Bir süre sonra da kendisine bir köşe bulur, uyuyakalır. Ertesi sabah ise ortada birkaç tüyden başka eser bırakmaksızın, esrarengiz bir şekilde kaybolmuştur. Her taraf kontrol edilir, kaçabileceği hiçbir deliğin olmadığı görülür (veya zannedilir). Hattâ bir ara, tıpkı çiğdemlerin âniden açmasında olduğu gibi, “hayal görmüş olabileceğimiz” düşünülür. Fakat resimler, burada böyle bir olayın cereyan etmiş olduğunu açıkça kanıtlamaktadır. En doğrusu, herhalde Dr. Osman Birgeoğlu’nun yorumu: “Biri bitkiler, biri hayvanlar taifesinden iki temsilci, Tabiat Risalesini böyle alkışlamış olmalı.”
… Ve maceranın Türkiye’deki isimsiz kahramanları
Bizim resmini çekemediğimiz, ama ebedî âlemlerde gösterime girmek üzere en ince ayrıntısına kadar kaydedildiğinde şüphe olmayan nice tablolardan birini Şemseddin Akbulut anlatmış. Bir hizmet böyle nice isimsiz kahramanların hesapsız gayretleriyle inşa edilir; sonra da … (biz susalım, sözü Şemseddin Akbulut’a bırakalım):
1975 senesinde Ankara şehirler arası terminalinde Fırıncı ağabeyle karşılaştım. Ben İstanbul’a dönecektim. Onlar ise Samsun’a gidiyorlardı. Samsun otobüsünde konuşurken birde baktım ki sabah namazında Hamdi Sağlamer ağabeyin evindeyiz. Fırncı ağabey ve Ahmed Apay Amerika’da neşr olan Nur (The Light) mecmuası için abone çalışması yapıyorlar.

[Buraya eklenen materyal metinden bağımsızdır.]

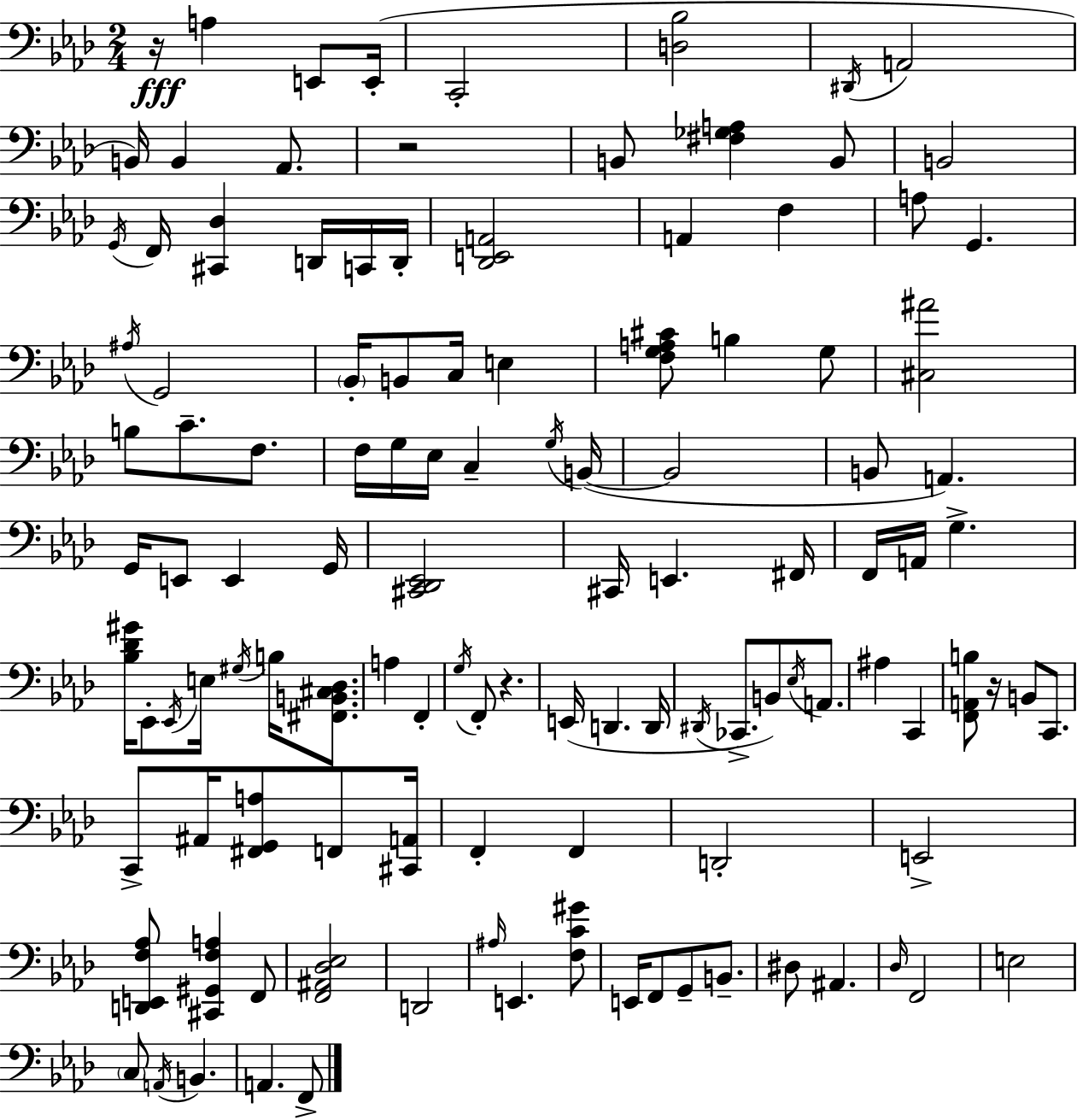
X:1
T:Untitled
M:2/4
L:1/4
K:Fm
z/4 A, E,,/2 E,,/4 C,,2 [D,_B,]2 ^D,,/4 A,,2 B,,/4 B,, _A,,/2 z2 B,,/2 [^F,_G,A,] B,,/2 B,,2 G,,/4 F,,/4 [^C,,_D,] D,,/4 C,,/4 D,,/4 [_D,,E,,A,,]2 A,, F, A,/2 G,, ^A,/4 G,,2 _B,,/4 B,,/2 C,/4 E, [F,G,A,^C]/2 B, G,/2 [^C,^A]2 B,/2 C/2 F,/2 F,/4 G,/4 _E,/4 C, G,/4 B,,/4 B,,2 B,,/2 A,, G,,/4 E,,/2 E,, G,,/4 [^C,,_D,,_E,,]2 ^C,,/4 E,, ^F,,/4 F,,/4 A,,/4 G, [_B,_D^G]/4 _E,,/2 _E,,/4 E,/4 ^G,/4 B,/4 [^F,,B,,^C,_D,]/2 A, F,, G,/4 F,,/2 z E,,/4 D,, D,,/4 ^D,,/4 _C,,/2 B,,/2 _E,/4 A,,/2 ^A, C,, [F,,A,,B,]/2 z/4 B,,/2 C,,/2 C,,/2 ^A,,/4 [^F,,G,,A,]/2 F,,/2 [^C,,A,,]/4 F,, F,, D,,2 E,,2 [D,,E,,F,_A,]/2 [^C,,^G,,F,A,] F,,/2 [F,,^A,,_D,_E,]2 D,,2 ^A,/4 E,, [F,C^G]/2 E,,/4 F,,/2 G,,/2 B,,/2 ^D,/2 ^A,, _D,/4 F,,2 E,2 C,/2 A,,/4 B,, A,, F,,/2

Beraberce Samsun, Trabzon ve Rize’ye gittik. O zaman bir yıllık abone 1000 (bin) liraydı. İsteyen kendi adresine veya dünyanın herhangi bir yerindeki bir kişi veya üniversite kütüphanesi gibi bir yerin abone ücretini verip katılıyordu. Rize’de Hacı Mustafa Uzun ağabeyimize uğradık. Çıkarıp on abone parası verdi. Biz sevinçle dışarı çıkarken bizi durdurdu. ”Yahu durun, akşam eve gidince yengenize anlatınca o niye benim için de abone etmedin derse ben ne cevap vereceğim” deyip bir on abone parası daha verdi. Biz yine çıkmaya davranınca bizi yine durdurdu. ”Kardeşim ahirette hesap günü terazi kurulunca benim hayır hanesi kefeme kuvvet verin bastırın” deyip çıkarıp on abone parası daha verdi. O seyahatimizde böyle çok güzel hatıralar yaşadık. Allah (cc) hizmette zerre kadar emeği olan herkesten ebediyyen razı olsun. Amin.